BEGIN

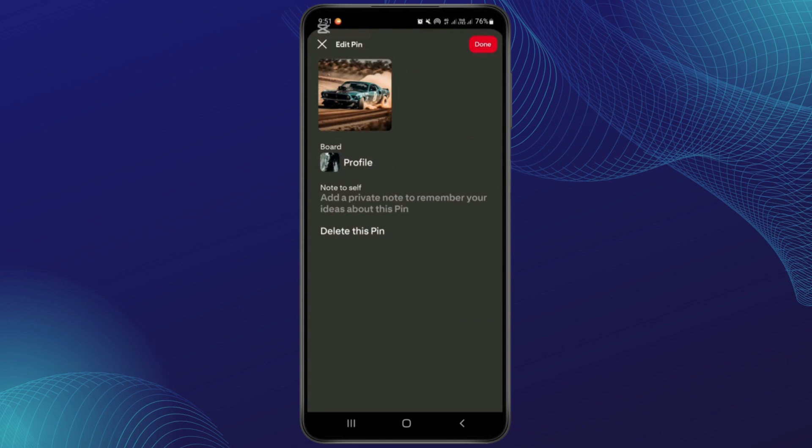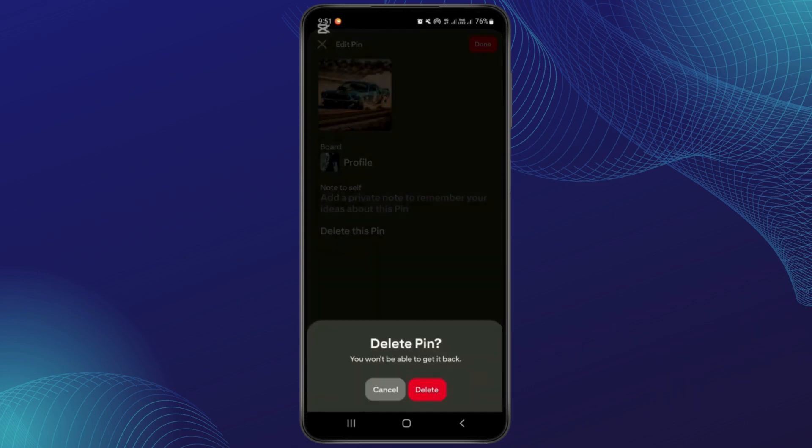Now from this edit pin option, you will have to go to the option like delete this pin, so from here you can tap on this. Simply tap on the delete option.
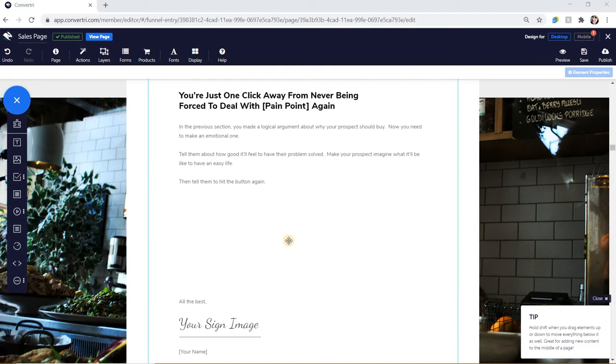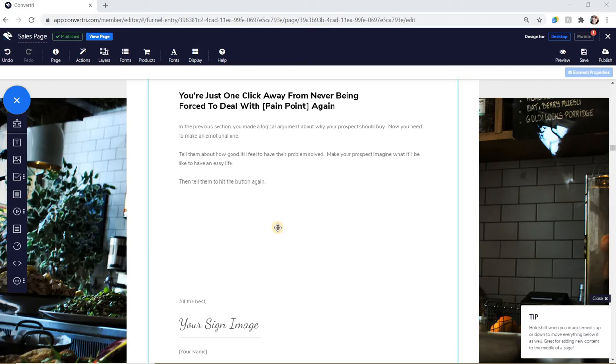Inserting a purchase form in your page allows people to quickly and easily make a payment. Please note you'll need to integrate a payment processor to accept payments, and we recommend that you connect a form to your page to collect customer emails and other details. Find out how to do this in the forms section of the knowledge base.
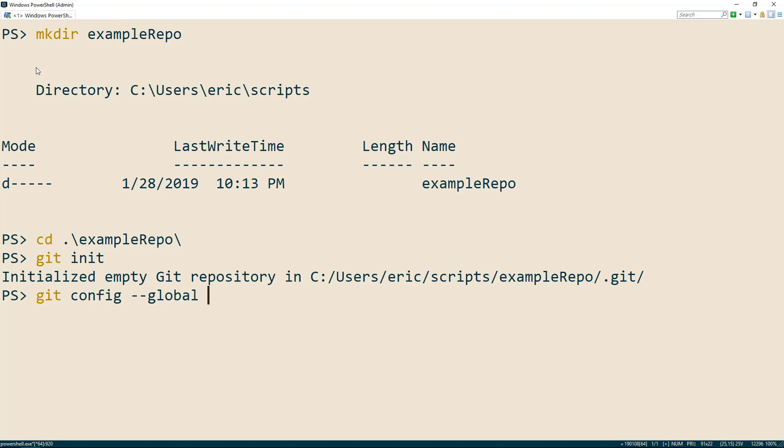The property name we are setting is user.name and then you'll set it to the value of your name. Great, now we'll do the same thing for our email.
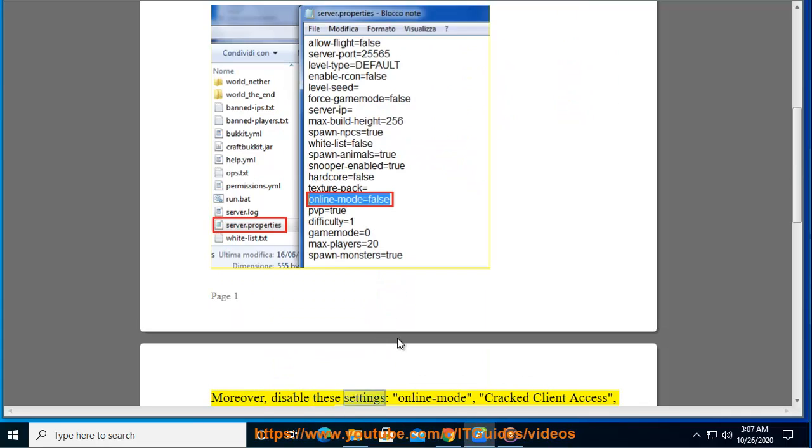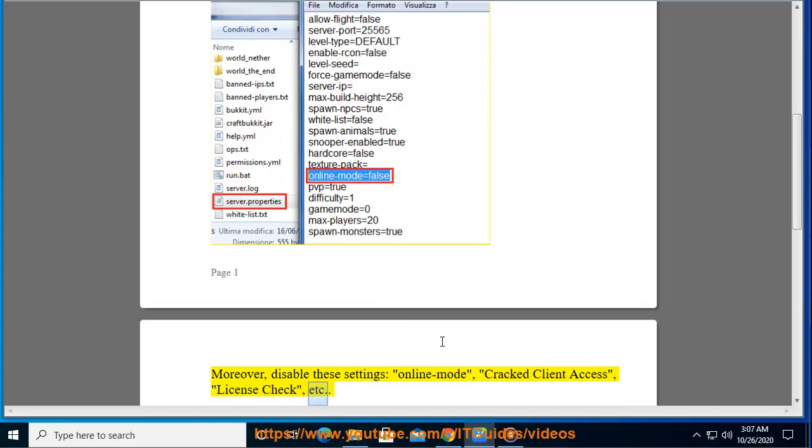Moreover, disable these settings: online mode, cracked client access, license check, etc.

END

TASK STATEMENT:
Drop the pictures, then write out only the lines running from the one containing "The property name" through the last line above, both included, exactly.

RESPONSE TO THE TASK:
The property name we are setting is user.name and then you'll set it to the value of your name. Great, now we'll do the same thing for our email.
Moreover, disable these settings: online mode, cracked client access, license check, etc.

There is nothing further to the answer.